Submerged Reflections: David Cloyd and James Tabbi Reimagine “Cage of Water”

By Deon

David Cloyd’s Cage of Water [Remixes] EP arrives not as a side note to his acclaimed return, but as a meaningful expansion of it. Following the momentum of Red Sky Warning—a record that reintroduced Cloyd as a vital, emotionally incisive voice in modern indie music—this remix collection feels like an invitation to step back inside one song and examine it from multiple angles. Championed by Apple Music and released via ECR Music Group, the EP centres on “Cage of Water,” a track already rich with metaphor and rhythmic nuance, and hands it over to James Tabbi for reimagination. The result is not dilution, but deepening. Each remix functions like a different current moving through the same emotional body of water, revealing new tensions, new colours, and new psychological depths.

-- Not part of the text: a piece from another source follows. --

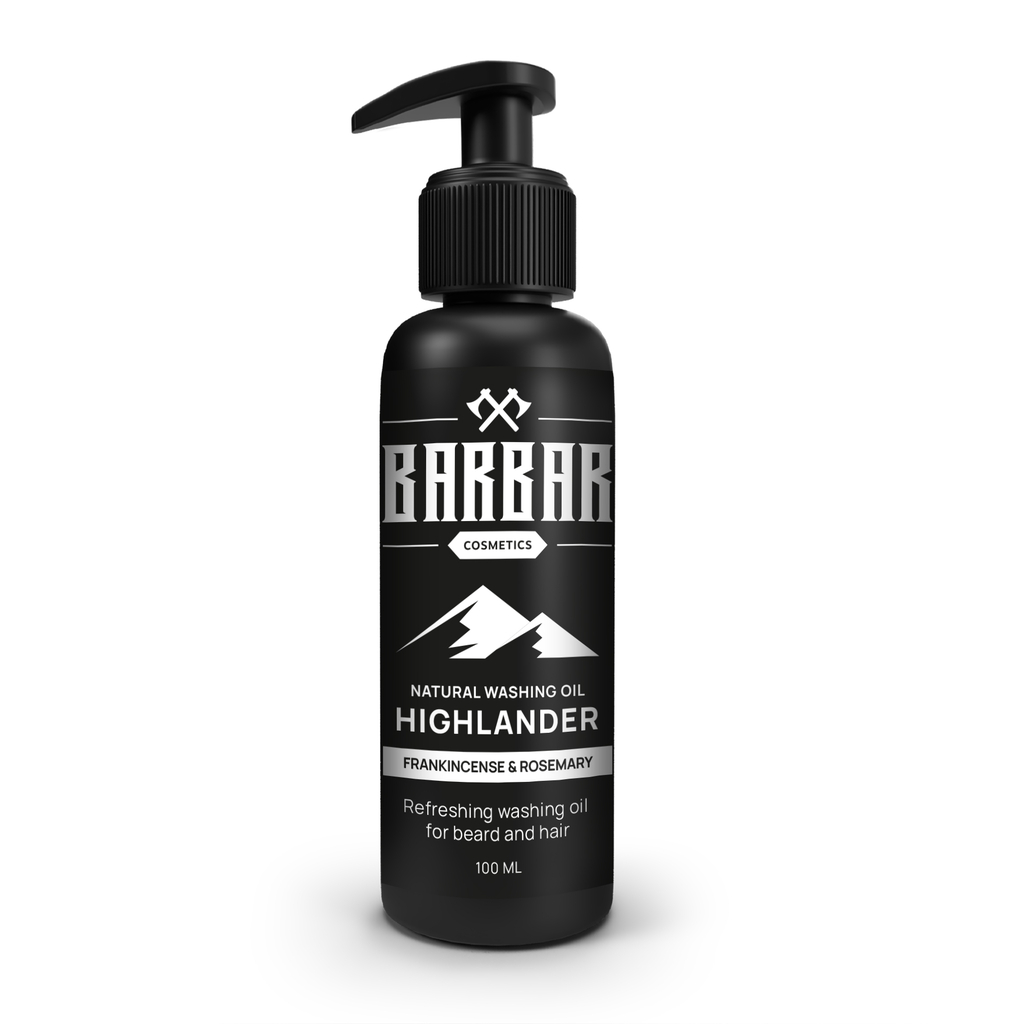 Mycí olej na vousy a vlasy HIGHLANDER - 100 ml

At the heart of all four versions lies the song’s central image: containment. Whether interpreted metaphorically or literally, “Cage of Water” carries a suffocating stillness that feels intimate and universal. Cloyd’s own explanation—watching sharks drift through the thick glass of an aquarium during the sleep-deprived haze of early parenthood—grounds the song in lived experience. That sense of disconnection, of being present yet removed from oneself, is what gives the track its quiet urgency. The original version anchors the EP with its hypnotic Tresillo rhythm, a pulse that never rushes but never releases you either. It feels locked-in, cyclical, and meditative, echoing the emotional loop of exhaustion and longing that inspired it.

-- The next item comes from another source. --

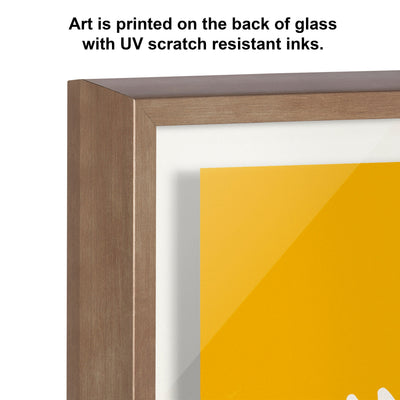 Blake When Life Gives You Lemons Yellow Framed Printed Glass by The by kateandlaurel - product image 3 for Resin Society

James Tabbi’s Drop of Red Remix is the EP’s most visceral transformation, and arguably its emotional centrepiece. Tabbi latches onto the Tresillo rhythm not as a background detail, but as a sacred structure to be honoured and expanded. By incorporating the ancient Dumbak drum, he adds a tactile, almost ritualistic quality to the groove. The remix feels primal and cinematic, heightening the tension between movement and confinement. Tabbi’s conceptual framing—a shark longing for the open sea—comes through clearly in the arrangement. The track breathes and swells, suggesting motion without escape. When the lyric “one drop of red” emerges, it feels catalytic, as if freedom might arrive suddenly and violently, even if only for a moment.

The Synambient Remix takes a different approach, dissolving the song into atmosphere and light. Where Drop of Red emphasises physical rhythm, this version leans into texture and space, stretching the emotional core into something more dreamlike. Synth layers shimmer and hover, softening the song’s edges while amplifying its introspective qualities. This remix feels like floating inside the cage rather than pressing against it—less about resistance, more about acceptance and observation. It’s a version that invites stillness, encouraging the listener to sit with the discomfort rather than fight it. In doing so, it reveals a gentler, almost meditative side of Cloyd’s songwriting that might otherwise go unnoticed.

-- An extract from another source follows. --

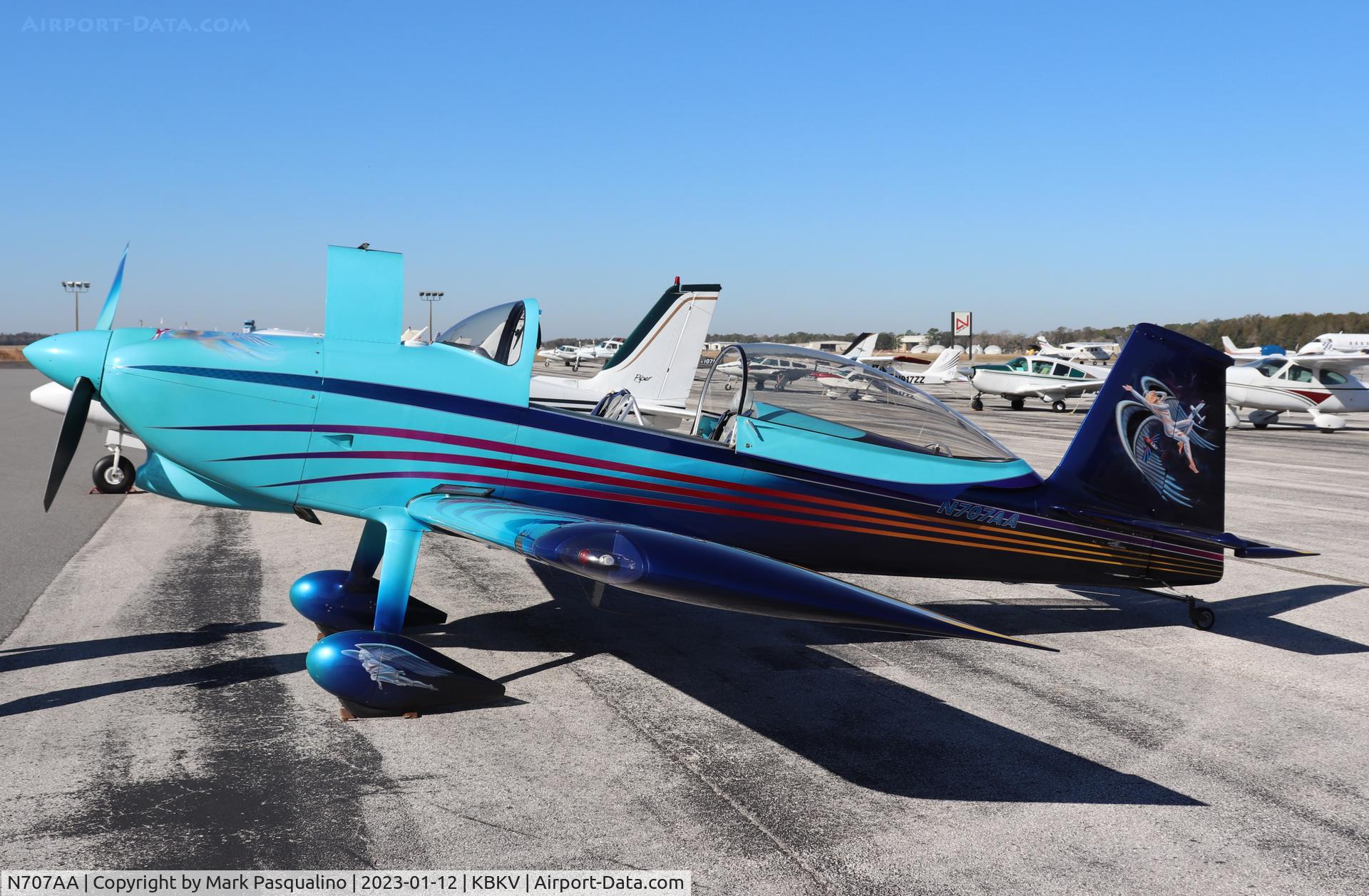 N707AA, 2012 Vans RV-8 C/N 80481, Vans RV-8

The Lonely Island Remix subtly bridges these two extremes, balancing rhythmic clarity with emotional distance. It retains a sense of forward motion while allowing the song to feel slightly unmoored, as though drifting between states of awareness. There’s an understated melancholy here, a quiet isolation that feels particularly resonant given the song’s origins. Rather than dramatising the feeling of being trapped, this remix normalises it, presenting containment as a condition many people quietly live within. It’s a thoughtful, restrained interpretation that underscores how versatile the core composition truly is.

David Cloyd Artist 3/30/2024 Credit: Taylor Ballantyne

What ultimately makes Cage of Water [Remixes] such a compelling EP is its cohesion. Mastered by Blake Morgan, the project maintains sonic clarity and emotional continuity across all versions, never feeling like a collection of disconnected experiments. Instead, it stands as a testament to collaboration—between artists, genres, and perspectives. Cloyd and Tabbi meet in a shared understanding of tension, rhythm, and longing, and allow those elements to guide the work rather than ego or trend. Released on January 13th via ECR Music Group, this EP doesn’t just revisit a song—it reframes it, proving that sometimes the most powerful way forward is to stay with one idea long enough to truly understand it.